The following questions are based on the information given below:
Out of a group of 60 students, 25 play Cricket, 30 play Football, 24 play Volleyball, 10 play Cricket and Football, 9 play Cricket and Volleyball, 12 play Volleyball and Football and 5 play all the three.
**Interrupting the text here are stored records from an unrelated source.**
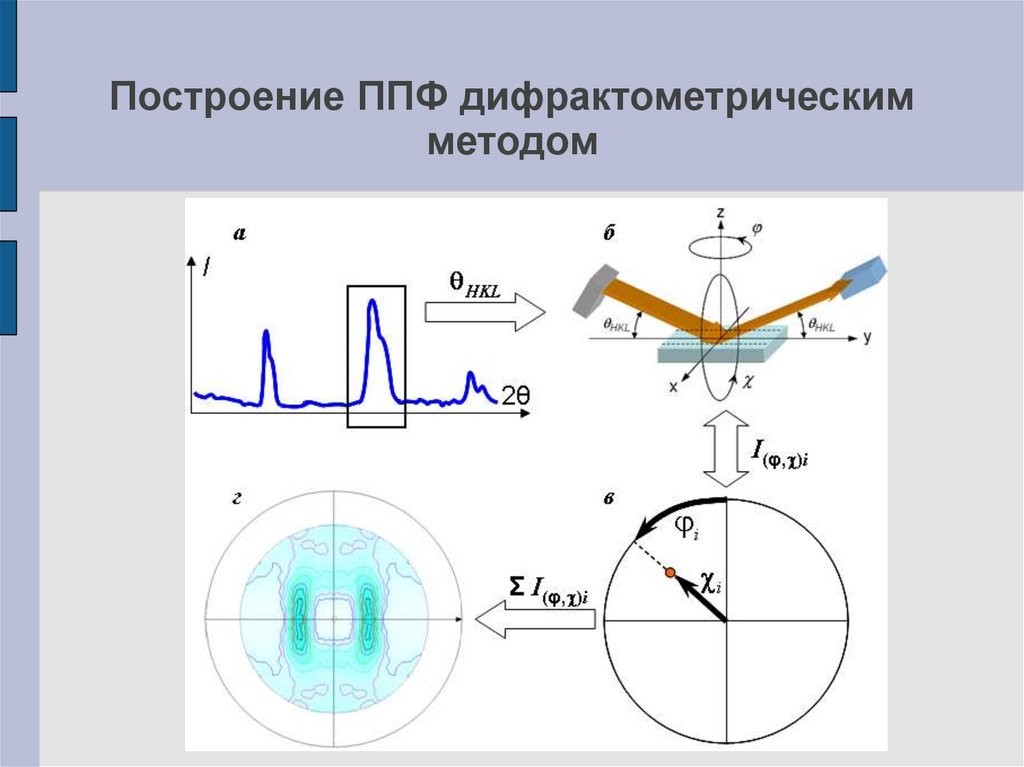 Построение ППФ дифрактометрическим методом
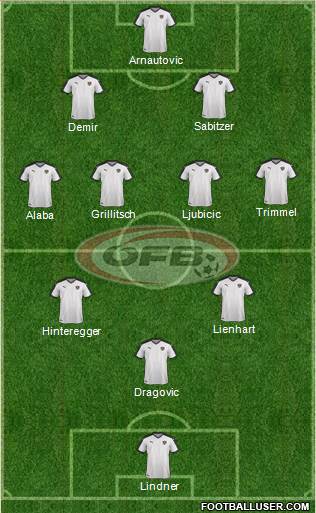 Austria Formation 2021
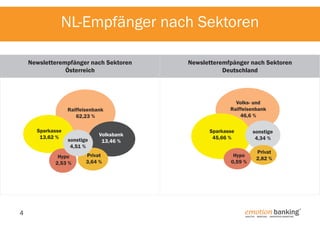 NL-Empfänger nach Sektoren
Newsletterempfänger nach Sektoren
Österreich

Raiffeisenbank
62,23 %
Sparkasse
13,62 %

sonstige
4,51 %

Hypo
2,53 %

4

Volksbank
13,46 %

Privat
3,64 %

Newsletteremfpänger nach Sektoren
Deutschland

Volks- und
Raiffeisenbank
46,6 %
Sparkasse
45,66 %

sonstige
4,34 %

Hypo
0,59 %

Privat
2,82 %

emotion banking 

®

ANALYTIK. Beratung. Innovatives Marketing.

 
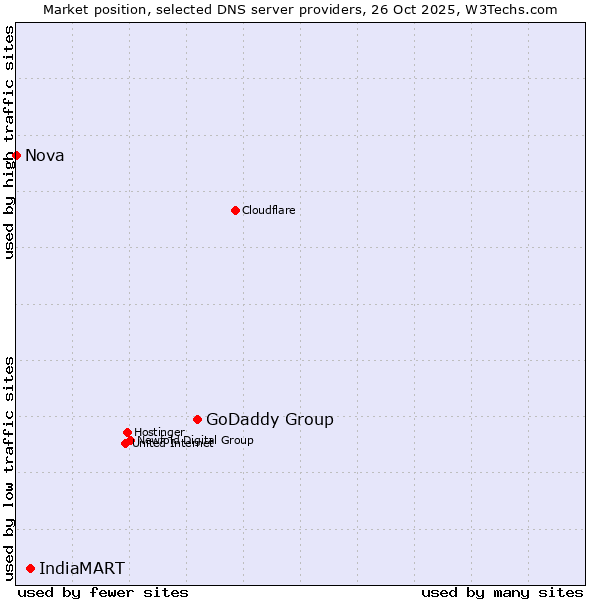 Market position of GoDaddy Group vs. IndiaMART vs. Nova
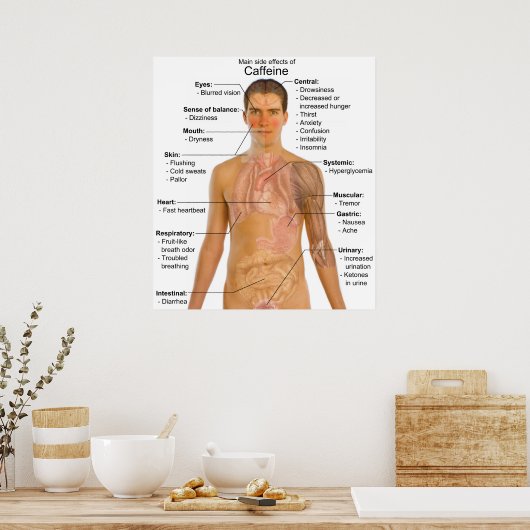 Grafiek van de voornaamste bijwerkingen van cafeïn poster (Keuken)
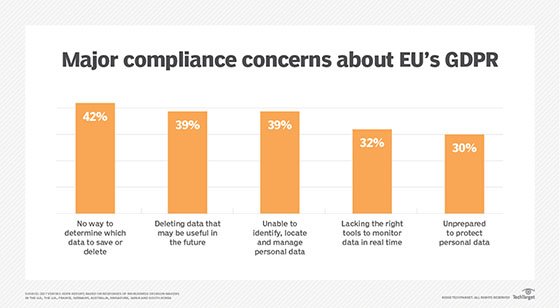 Bar graph showing five compliance concerns with EU GDPR.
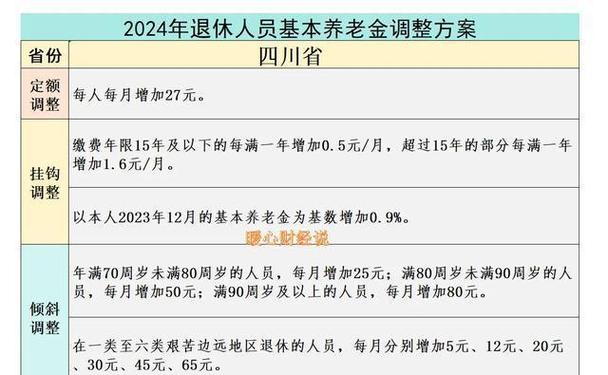 养老金双轨制历史遗留问题_企业退老金调整最新消息_企退老人养老金差距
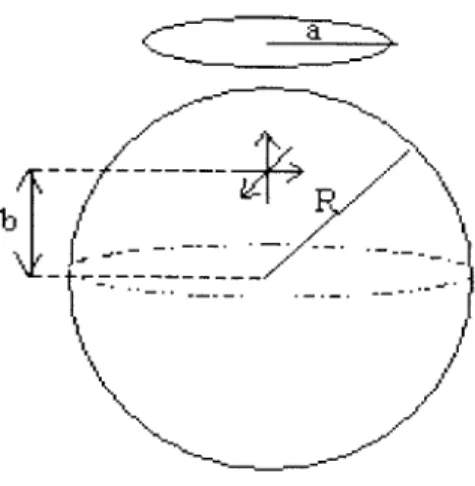 Figure  4-3:  Three  orthogonal  dipoles  placed  on  the  z-axis  inside  a  dielectric  sphere at  z=b, with  a  circular  coil  placed  above  the  dielectric  sphere.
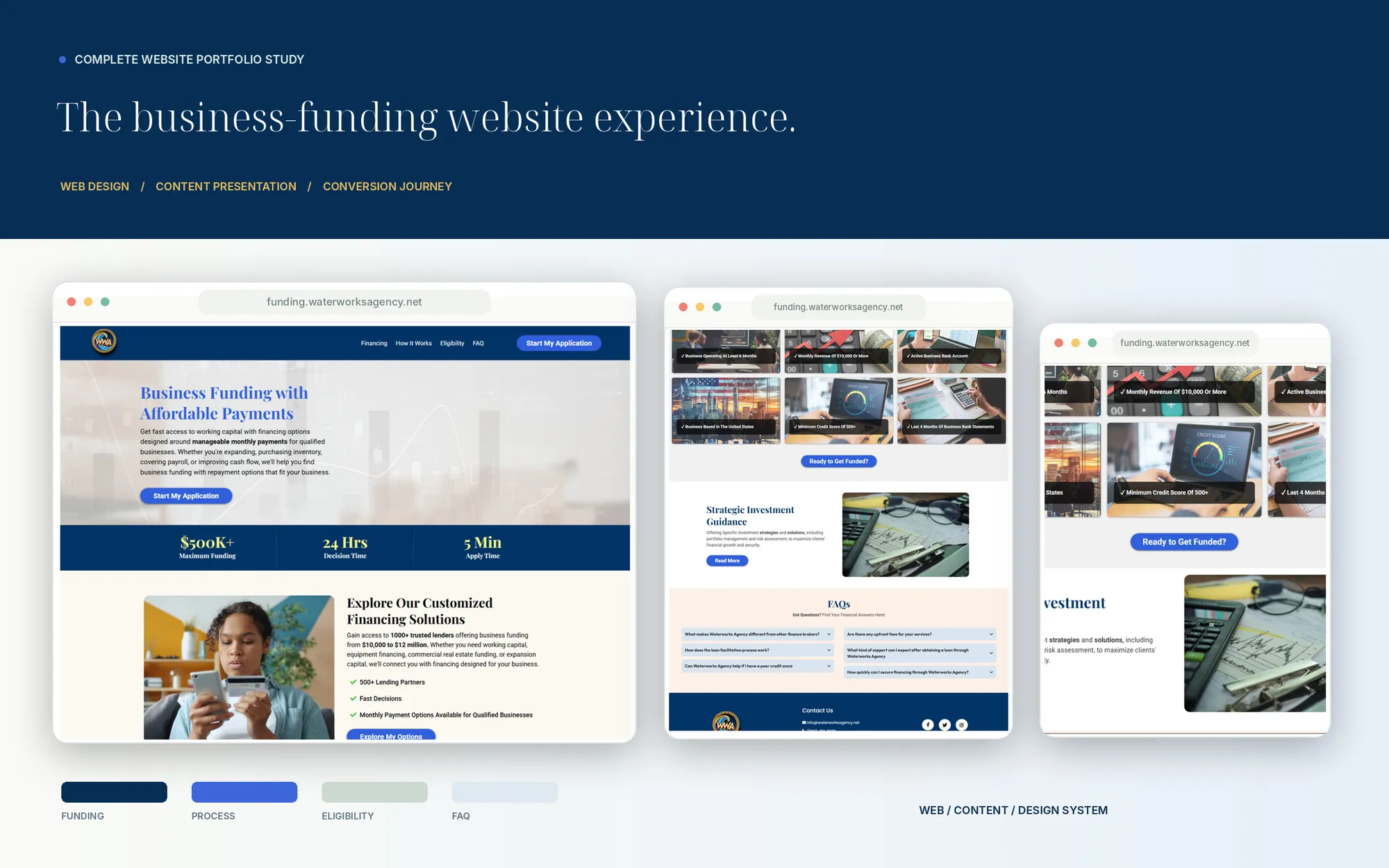 Waterworks Agency Funding — Complete Website Portfolio
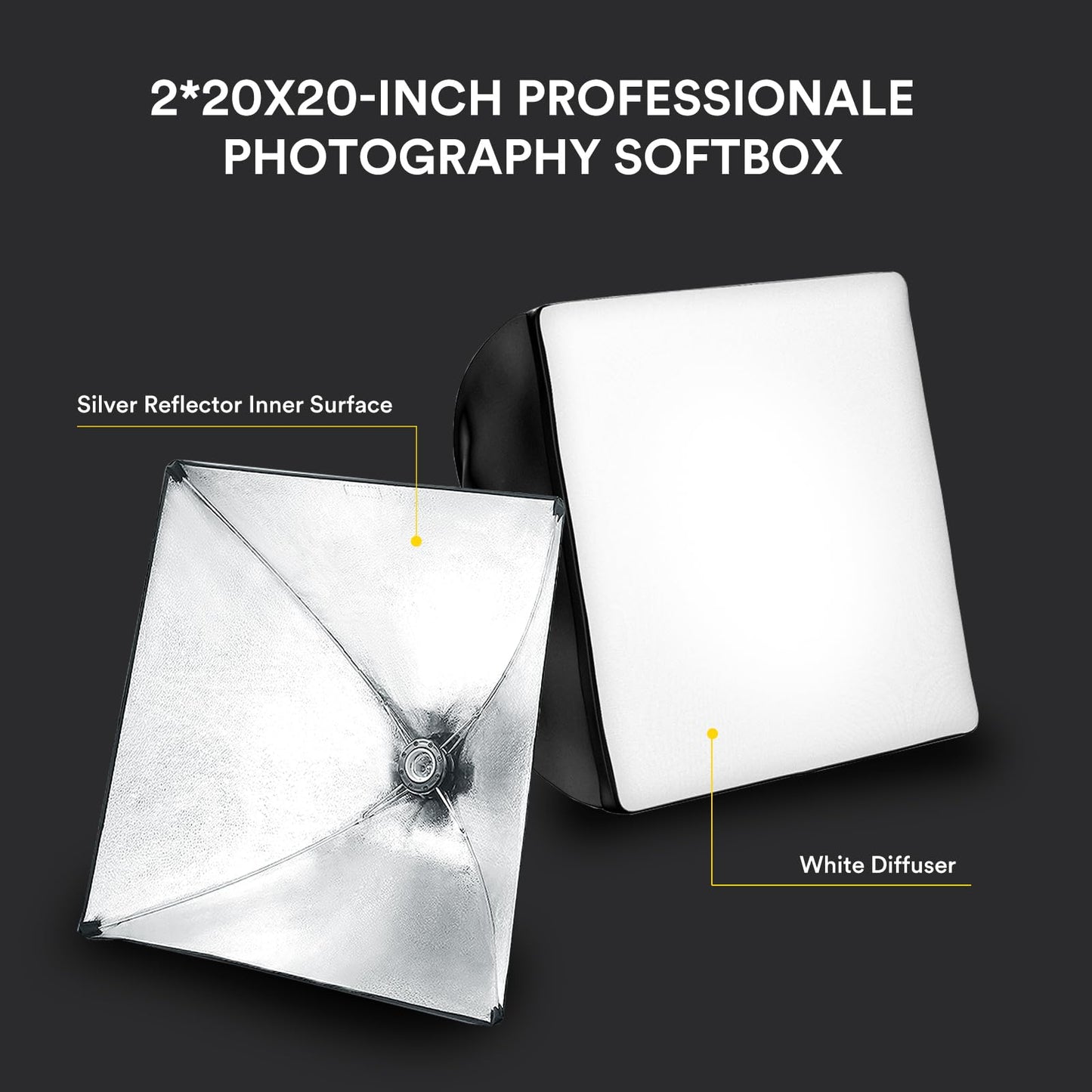 RALENO Softbox Lighting Kit, 20X20-Inch Photography Lighting Kit with LED Bulbs(60W | 5500K | CRI>97 | 3m Cable) & 80'' Tall Light Stands, Soft Box for Recording/Portrait Photography | Model: PS70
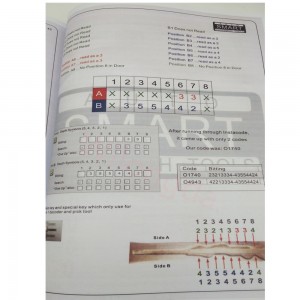 Manual do usuário da ferramenta Lishi 2 em 1 Livro de instruções de ferramentas de serralheiro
How many students do not play any one of the games?
A. 5
B. 2
C. 7
D. 1

To find out how many students do not play any of the games, we can use the principle of inclusion-exclusion. Let's denote: - \( n(C) \): Number of students who play Cricket = 25 - \( n(F) \): Number of students who play Football = 30 - \( n(V) \): Number of students who play Volleyball = 24 - \( n(C \cap F) \): Number of students who play both Cricket and Football = 10 - \( n(C \cap V) \): Number of students who play both Cricket and Volleyball = 9 - \( n(F \cap V) \): Number of students who play both Football and Volleyball = 12 - \( n(C \cap F \cap V) \): Number of students who play all three games = 5 Now, we can use the formula for the union of three sets: \[ n(C \cup F \cup V) = n(C) + n(F) + n(V) - n(C \cap F) - n(C \cap V) - n(F \cap V) + n(C \cap F \cap V) \] Substituting the values we have: \[ n(C \cup F \cup V) = 25 + 30 + 24 - 10 - 9 - 12 + 5 \] Calculating step-by-step: 1. Add the number of students playing each game: \[ 25 + 30 + 24 = 79 \] 2. Subtract the number of students playing two games: \[ 79 - 10 - 9 - 12 = 48 \] 3. Add back the number of students playing all three games: \[ 48 + 5 = 53 \] So, \( n(C \cup F \cup V) = 53 \). Now, to find the number of students who do not play any of the games, we subtract the number of students who play at least one game from the total number of students: \[ \text{Number of students not playing any game} = \text{Total students} - n(C \cup F \cup V) \] \[ = 60 - 53 = 7 \] Thus, the number of students who do not play any of the games is **7**.